## Stored data entries:
*** Block opens ***

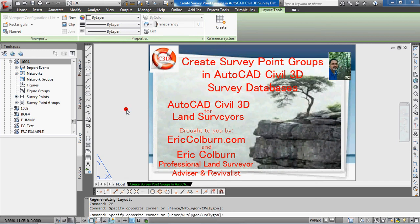Hi, I'm Eric Colburn from EricColburn.com and in this AutoCAD Civil 3D for Land Surveyors video, I will show you how to create survey point groups in AutoCAD Civil 3D survey databases.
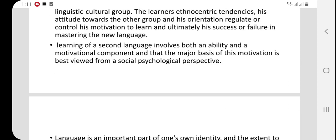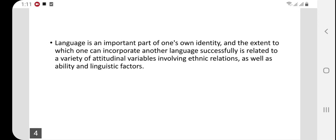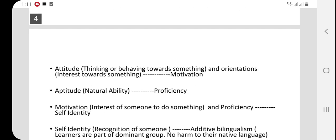The motivational level is definitively shaped by social and psychological perspectives. If the social environment is favorable and you are psychologically motivated to learn a language, it will be easier for the learner. Language is also our identity. There are also attitudinal variables, ability, linguistic factors, and ethnic relations — meaning how well the minority linguistic group develops relations with the majority linguistic group.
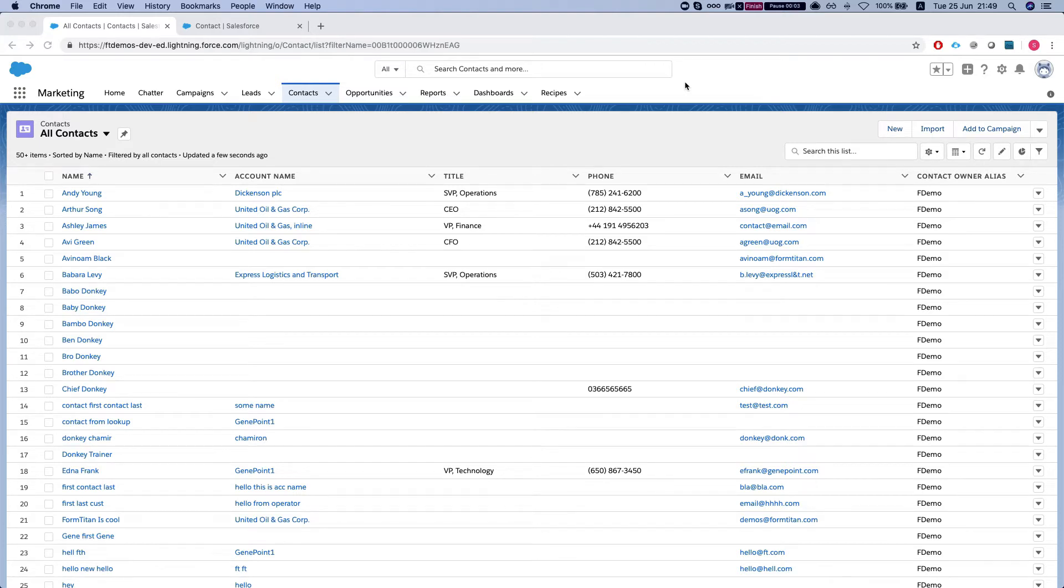Hey there Titans! In this video I'll show you how to merge your documents, your Word documents, with the FormTitan package for Salesforce.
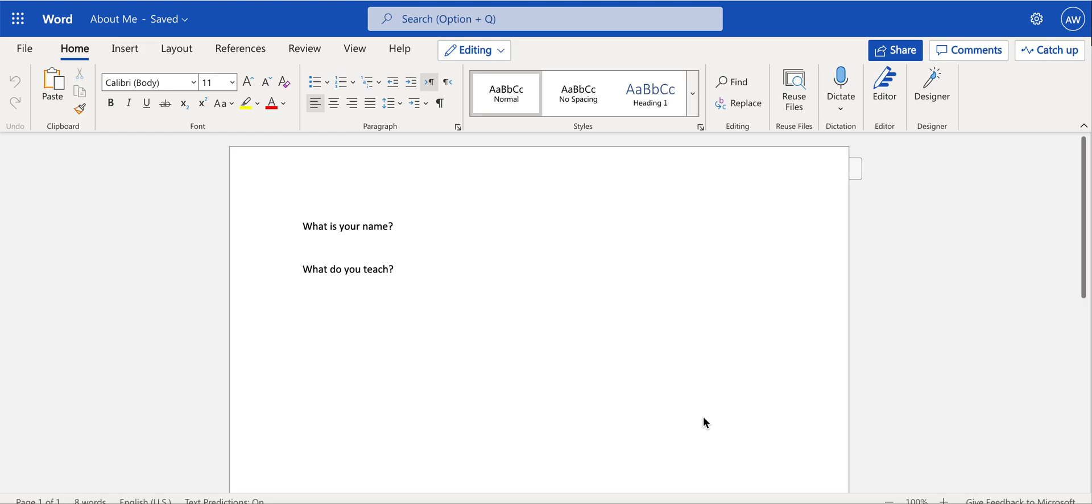This video will teach you how to share a document or a file in Office 365. So open your document, your presentation, or your spreadsheet, and click on Share.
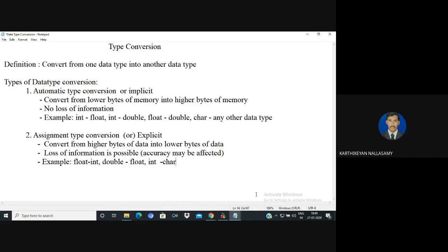We can convert from one data type into another data type. There are two types of conversions. One is implicit, or automatic type conversion. The second is assignment type conversion, also called explicit type conversion.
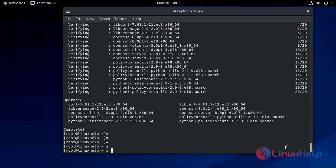It's completed. Now start and enable the service using the systemctl command.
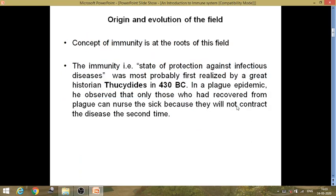I would like to discuss a little about the origin and evolution of this field. The field has its roots in the concept of immunity, and from this concept of immunity, immunology has evolved. Immunity is a state of protection against infectious diseases — that means if someone has immunity against a certain disease, he will not contract that disease; he is immune to it.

*** Block closes ***

## PROBLEM STATEMENT:
Output, exactly and without pictures, the lines above that run from the one containing "This video will" through the last line of the entries, inclusive.

## FINISHED EXERCISE:
This video will teach you how to share a document or a file in Office 365. So open your document, your presentation, or your spreadsheet, and click on Share.
We can convert from one data type into another data type. There are two types of conversions. One is implicit, or automatic type conversion. The second is assignment type conversion, also called explicit type conversion.
It's completed. Now start and enable the service using the systemctl command.
I would like to discuss a little about the origin and evolution of this field. The field has its roots in the concept of immunity, and from this concept of immunity, immunology has evolved. Immunity is a state of protection against infectious diseases — that means if someone has immunity against a certain disease, he will not contract that disease; he is immune to it.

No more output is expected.